A UE e a Turquia fecharam o primeiro acordo no outono - que levou a Europa a pagar cerca de $3 mil milhões em troca da intensificação de esforços por parte da Turquia para deter o tráfico ilícito de migrantes entre a costa turca e grega.
No entanto, são poucas as evidências de que o plano esteja a funcionar: o número de migrantes que viajaram de barco até às ilhas gregas foi 20 vezes maior este ano face ao mesmo período de 2015.
O acordo preliminar alcançado na semana passada adiciona uma vantagem de dissuasão, com a Turquia a aceitar o retorno de todos os "migrantes ilegais" que chegam à Grécia. A Europa afirmou que irá acolher um refugiado sírio dos campos turcos por cada sírio retornado à Turquia.
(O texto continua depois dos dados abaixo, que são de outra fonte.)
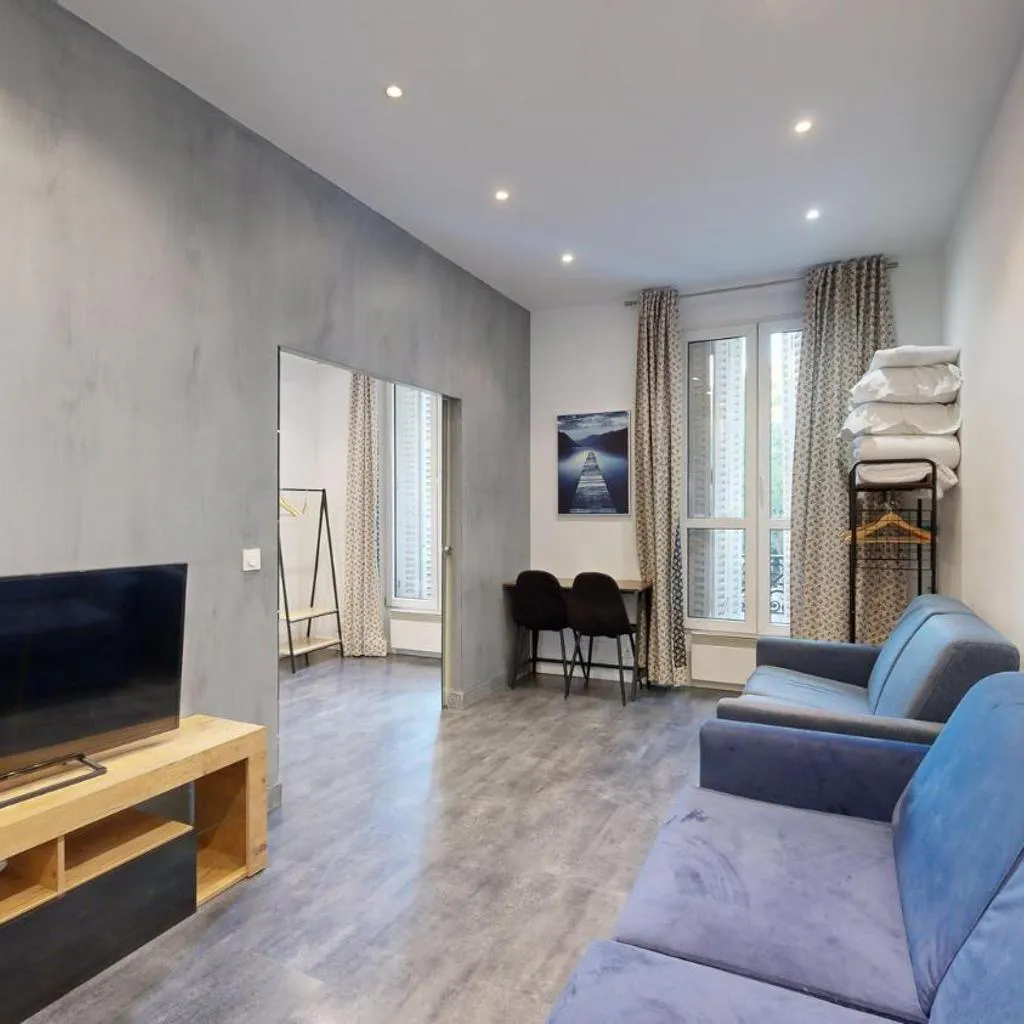 Photograph of Bluestay 63 - Appartement cozy, Paris centre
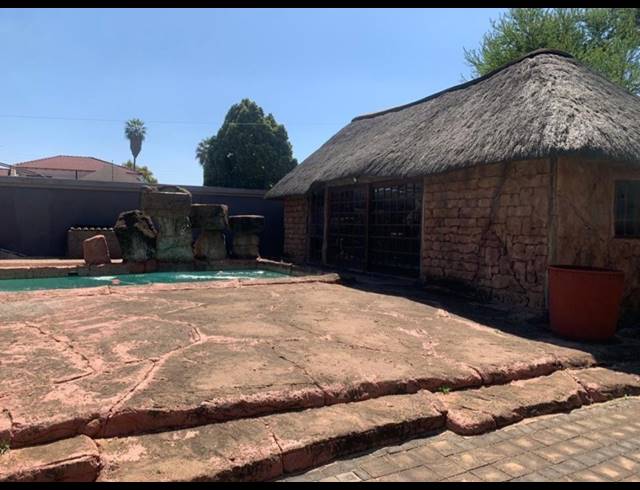 3 bed property to rent in SILVERTON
Os líderes europeus e turcos avançam que uma das ideias do plano passa por desencorajar potenciais migrantes da realização de viagens perigosas - que custaram a vida a mais de 400 migrantes este ano. No entanto, grupos de direitos humanos criticaram o acordo, avançando que o mesmo irá negar a proteção e o direito de asilo estabelecidos na lei internacional e europeia.
Numa carta enderaçada aos líderes europeus o diretor da Human Rights Watch, Kenneth Roth, afirmou a "contradição do plano": uma acelerada política de retorno geral em vez da consideração de cada requisito de asilo individualmente.
Em reação à divulgação do plano as nações europeias fecharam as suas fronteiras, na semana passada, ao longo de toda a rota dos migrantes. Milhares de migrantes ficaram retidos na Grécia, sem perspetiva de partida para outros países da Europa.
No seu discurso na Praça de São Pedro na quarta-feira, o Papa Francisco instou os líderes do continente a reconsiderar a situação.
"Como é possível que se verifique tanto sofrimento com homens, mulheres e crianças inocentes?", perguntou. "Estão ali, nas fronteiras, pois muitas portas e corações encontram-se fechados."